# RAG Prototype

This notebook includes a RAG Prototype which reads text files containing book descriptions and create embeddings based on the book description and then store them in a vector DB

- read book descriptions from the text files stored under data/
- use fastembed to create the vector embedding for each book description
- store the embeddings and the book metadata in a local weaviate database


Import libraries

In [16]:
%%capture
%pip install fastembed weaviate-client ipython

huggingface/tokenizers: The current process just got forked, after parallelism has already been used. Disabling parallelism to avoid deadlocks...
	- Avoid using `tokenizers` before the fork if possible
	- Explicitly set the environment variable TOKENIZERS_PARALLELISM=(true | false)


In [17]:
# Warning control
import warnings
warnings.filterwarnings('ignore')

In [18]:
import os
import json
from IPython.display import JSON

from fastembed import TextEmbedding

import weaviate
from weaviate.classes.data import DataObject

from helper import suppress_output

Set variables

In [19]:
COLLECTION_NAME = "Books"  # capitalize the first letter of collection names
BOOK_DESCRIPTION_FOLDER = "data/"
EMBEDDING_MODEL_NAME = "BAAI/bge-small-en-v1.5"

Instantiate Embedded Weaviate client

In [20]:
with suppress_output():
    client = weaviate.connect_to_embedded(
        persistence_data_path= "tmp/weaviate",
    )
print("Started new embedded Weaviate instance.")
print(f"Client is ready: {client.is_ready()}")

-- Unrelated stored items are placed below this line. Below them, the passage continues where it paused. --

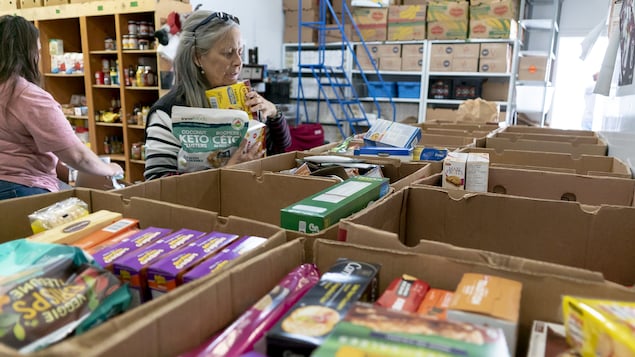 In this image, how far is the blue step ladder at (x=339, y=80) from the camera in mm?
6414

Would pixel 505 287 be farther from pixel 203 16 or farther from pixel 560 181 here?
pixel 203 16

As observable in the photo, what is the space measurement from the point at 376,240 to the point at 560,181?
869mm

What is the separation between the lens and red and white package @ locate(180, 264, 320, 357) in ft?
1.90

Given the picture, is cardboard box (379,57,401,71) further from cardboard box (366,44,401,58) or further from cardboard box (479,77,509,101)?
cardboard box (479,77,509,101)

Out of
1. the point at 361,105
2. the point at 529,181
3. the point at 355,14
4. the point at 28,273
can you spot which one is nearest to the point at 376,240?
the point at 28,273

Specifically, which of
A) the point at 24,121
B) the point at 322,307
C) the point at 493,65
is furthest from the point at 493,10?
the point at 322,307

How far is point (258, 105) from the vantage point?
5.99 feet

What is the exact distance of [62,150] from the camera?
205 centimetres

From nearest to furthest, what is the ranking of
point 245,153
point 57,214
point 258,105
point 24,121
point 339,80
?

WeaviateStartUpError: Embedded DB did not start because processes are already listening on ports http:8079 and grpc:50050use weaviate.connect_to_local(port=8079, grpc_port=50050) to connect to the existing instance

Create the collection

In [None]:
existing_collections = client.collections.list_all()
existing_collection_names = existing_collections.keys()

if COLLECTION_NAME not in existing_collection_names:
    print(f"Collection {COLLECTION_NAME} does not exist yet. Creating it...")
    collection = client.collections.create(name=COLLECTION_NAME)
    print(f"Collection {COLLECTION_NAME} created successfully.")
else:
    print(f"Collection {COLLECTION_NAME} already exists. No action taken.")
    collection = client.collections.get(COLLECTION_NAME)

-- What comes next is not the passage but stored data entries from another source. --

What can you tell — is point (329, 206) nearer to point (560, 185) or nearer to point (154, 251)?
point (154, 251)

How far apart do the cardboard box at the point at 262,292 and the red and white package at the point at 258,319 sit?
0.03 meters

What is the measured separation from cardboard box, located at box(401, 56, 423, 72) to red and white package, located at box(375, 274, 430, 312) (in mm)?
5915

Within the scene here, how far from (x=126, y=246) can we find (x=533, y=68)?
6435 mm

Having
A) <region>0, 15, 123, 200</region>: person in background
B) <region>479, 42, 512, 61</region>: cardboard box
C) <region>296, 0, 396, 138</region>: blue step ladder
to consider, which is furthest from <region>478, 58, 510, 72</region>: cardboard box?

Collection Books already exists. No action taken.


Extract text from local files

In [None]:
# list the book description files
book_description_files = [
    f for f in os.listdir(BOOK_DESCRIPTION_FOLDER)
    if f.endswith('.txt')
]

print(f"The following files with book descriptions were found: {book_description_files}")

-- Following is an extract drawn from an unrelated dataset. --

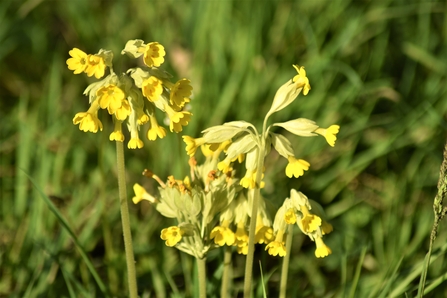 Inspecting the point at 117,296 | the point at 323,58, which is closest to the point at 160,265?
the point at 117,296

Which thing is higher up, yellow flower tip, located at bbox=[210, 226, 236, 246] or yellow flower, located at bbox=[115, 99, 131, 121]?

The following files with book descriptions were found: ['book_descriptions_2.txt', 'book_descriptions_1.txt']


In [None]:
list_of_book_data = []

for book_description_file in book_description_files:
    with open(os.path.join(BOOK_DESCRIPTION_FOLDER, book_description_file), "r") as f:
        book_descriptions = f.readlines()

    titles = [
        book_description.split(":::")[1].strip()
        for book_description in book_descriptions
    ]

    authors = [
        book_description.split(":::")[2].strip()
        for book_description in book_descriptions
    ]
    book_description_text = [
        book_description.split(":::")[3].strip()
        for book_description in book_descriptions
    ]

    book_descriptions = [
        {
            "title": title,
            "author": author,
            "description": description,
        }
        for title, author, description in zip(
            titles, authors, book_description_text
        )
    ]

    list_of_book_data.append(book_descriptions)


In [None]:
JSON(json.dumps(list_of_book_data))



<IPython.core.display.JSON object>

Create vector embeddings from descriptions

In [None]:
embedding_model = TextEmbedding(EMBEDDING_MODEL_NAME)  

list_of_description_embeddings = []

for book_data in list_of_book_data:
    book_descriptions = [book["description"] for book in book_data]
    description_embeddings = [
        list(embedding_model.embed([desc]))[0] for desc in book_descriptions
    ]
    list_of_description_embeddings.append(description_embeddings)

Fetching 5 files: 100%|██████████| 5/5 [00:02<00:00,  2.02it/s]


Load embeddings to Weaviate

In the books collection of Weaviate, We will create an item for each data object (book). The item has two attributes:

- vector: which represents the vector embedding of the book text description
- properties: which is a python dictionary that contains the book metadata: title, author and text description.

In [None]:
for book_data_list, emb_list in zip(list_of_book_data, list_of_description_embeddings):
    items = []
    
    for book_data, emb in zip(book_data_list, emb_list):
        item = DataObject(
            properties={
                "title": book_data["title"],
                "author": book_data["author"],
                "description": book_data["description"],
            },
            vector=emb
        )
        items.append(item)
    
    collection.data.insert_many(items)

Query for a book recommendation using semantic search

- query.near_vector of the Weaviate Books collection

In [None]:
query_str = "A philosophical book"

embedding_model = TextEmbedding(EMBEDDING_MODEL_NAME)  
collection = client.collections.get(COLLECTION_NAME)

query_emb = list(embedding_model.embed([query_str]))[0]

results = collection.query.near_vector(
    near_vector=query_emb,
    limit=1,
)
for result in results.objects:
    print(f"You should read: {result.properties['title']} by {result.properties['author']}")
    print("Description:")
    print(result.properties["description"])